Anyway, when I finally came back to writing The Nix, I decided to drop out of the whole competitive querying-and-publishing thing. I just wrote, and I didn't tell anyone about it. For years, nobody had any idea what I was doing.

Q: One of your characters, "Pwnage," is completely obsessed with a video game and one of your chapters is devoted to the day he decides to quit. I have two questions about this amazing chapter. First, do you play video games?

A: Not really, not anymore. Though there was one I played a lot.

After all my stuff was stolen in New York, and after I replaced my computer, a good friend told me to buy this certain video game that he and I could play together (I think he just wanted to give me something to take my mind off the loss, and also he could keep tabs on me by chatting through the game). The game was called "World of Warcraft," a very immersive and time-consuming MMORPG (which, if you don't know, stands for massively multiplayer online role-playing game).

It's not an easy game, and it takes a whole lot of time to master, but I really threw myself into it. And I was surprised how effective this was at helping me through a pretty tough time: My writing wasn't going very well and my career was sort of stagnant and I wasn't making nearly enough money to live in NYC, but at least I had this game, I had this one thing that I could master.

Even after I left the city, I kept on playing, and became sort of a bad-a_ elite player, until I realized that my ostensible reason for playing the game _ that I needed to take my mind off the real world _ was now a reason I absolutely had to quit the game. Because I found that my mind, more often than not, was stuck in the virtual world instead of the real one.

It took me a long while to reach a very basic epiphany: that I was devoting way more time to "Warcraft" than I was to writing, and in fact I was using "Warcraft" to avoid writing because I was deeply afraid of failing at writing and so it was easier, mentally, to spend my time with something I knew I couldn't fail at.

Once I realized this, I quit the game. But I felt compelled to fold this experience into the novel, this paradoxical love/hate feeling I'd developed for the game, how the game was both emotionally analgesic and artistically crippling, both soothing and debilitating.
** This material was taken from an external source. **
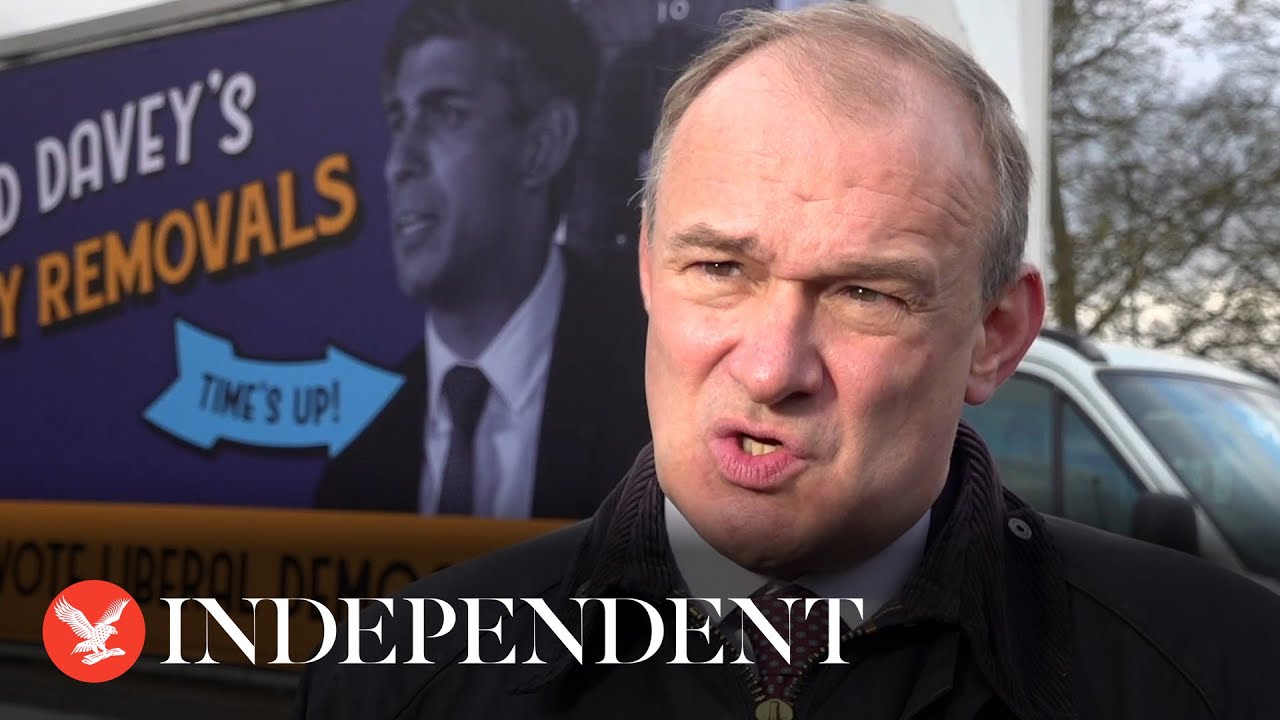 Ed Davey: Rishi Sunak should call election in May rather than 'clinging on to power'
Q: And now could you tell us about the writing of that chapter, which includes one stupendously long (11 or so pages) sentence.

A: I started with a simple sentence _ "Today was the day he would quit playing video games" _ and then I proceeded to list all the reasons I could think of that he couldn't possibly quit playing video games. And I was reading it to my wife and she asked if it was all one sentence. And it was true that, out loud, it sounded like one sentence, and then I became convinced that writing all his excuses as one sentence was actually the right way to capture what was going on with this character.

Because Pwnage has a basic problem negotiating what he wants his life to be like versus how he actually lives his life on a day-to-day basis. He really wants to start a new diet and renovate his house and write a mystery novel and win back his ex-wife, but at any given moment, on any given day, what he actually finds himself doing is playing video games, meanwhile promising himself that someday soon he will totally do all those other things.

So I wanted it to feel like between his real life and the life he actually wants is this enormous wall of excuses and terrors and neurobiological blocks.

That's why I did it as one sentence. I wanted it to feel overwhelming.

Q: The novel takes place during an election year and features a "normal, nonelite" presidential candidate from Wyoming who is popular especially among blue-collar white conservatives. He's a candidate who would seem right at home in our current election season. Was this just lucky timing on the book's release?

A: Lucky timing _ I wrote that material three or four years ago. I wish I could say that I was really prescient about the current political season, but actually I was just trying to come up with something properly absurd.

Watching this election unfold, though, it's a serious case of the truth being stranger than fiction.